Title

The Role of Secondary-stressed and Unstressed-unreduced Syllables in Word Recognition: Acoustic and Perceptual Studies with Russian Learners of English

Date of Award

2012

Document Type

Dissertation

Degree Name

Doctor of Philosophy (Ph.D.)

Department

Communication Disorders

First Advisor

Laura Dilley, PhD

Second Advisor

Lynne Hewitt, PhD (Committee Chair)

Third Advisor

Sheri Wells-Jensen, PhD (Committee Member)

Fourth Advisor

Alexander Goberman, PhD (Committee Member)

Fifth Advisor

John Folkins, PhD (Committee Member)

Abstract

Identifying those phonological factors that native listeners rely on most when perceiving non-native speech is critical for setting priorities in pronunciation instruction.
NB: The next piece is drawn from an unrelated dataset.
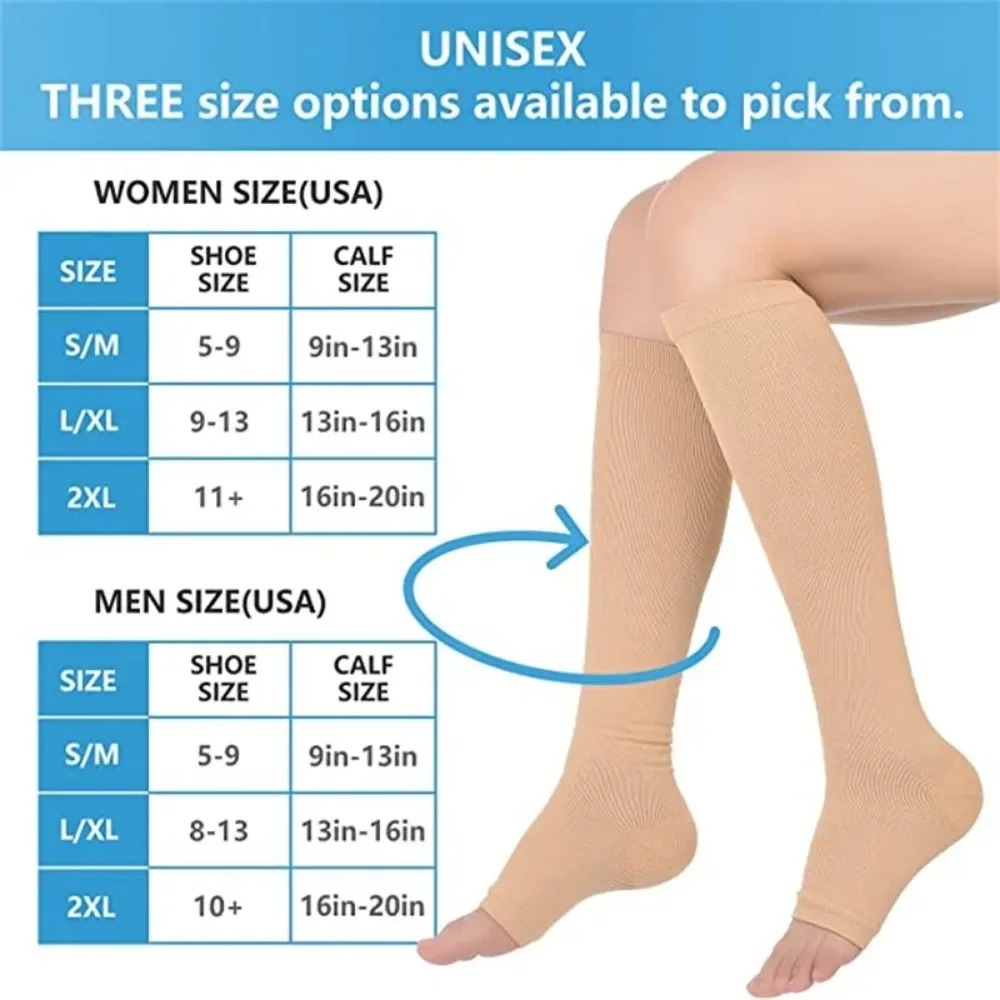 ถุงเท้าบีบรัดแบบไม่มีปลายเท้า  - Compression Sock Medical บทวิจารณ์และราคา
The importance of accurate lexical stress production, particularly primary stress, has been explored. However, little is known about the role of Secondary-stressed (SS) syllables and Unstressed-unreduced (UU) syllables, and the importance of their accuracy for speech perception. These questions are of relevance for Russian learners of English, who often reduce English SS and UU vowels—a phenomenon which is arguably due to the fact that only one stressed syllable per word is allowed in Russian phonology. Moreover, second language research has not addressed the issue of vowel over-reduction, which is a pattern typical of Russian learners. Low-accuracy productions of SS and UU syllables are generally not expected to lead to unintelligibility; however, they might interfere with the ease and accuracy with which speech is perceived. An acoustic study first compared realization of SS and UU syllables in words produced in isolation by six Russian learners of English and six native English speakers. Words were selected to contain low vowels and specific UU and SS syllable positions to optimally reflect vowel reduction by Russian speakers. Acoustic analyses revealed significant vowel quality and duration reductions in Russian-spoken SS and UU vowels, which were only half the duration of native English productions and significantly centralized. A subsequent psycholinguistic perceptual study investigated the degree of interference that inaccurate productions of SS and UU syllables have on native listeners’ speech processing. A cross-modal phonological priming technique combined with a lexical decision task assessed speech processing of 28 native English speakers as they listened to (1) native English speech, (2) unmodified Russian speech, and (3) modified Russian speech with SS and UU syllables altered to match native productions. Unmodified UU vowels led to significant inhibition of lexical access, while unmodified SS vowels revealed less of such interference. Acoustically “improving” vowel quality and duration in UU and SS syllables greatly facilitated word recognition only for UU-syllable-containing words. A recommendation is made that UU syllables are incorporated into pronunciation instruction for Russian learners of English.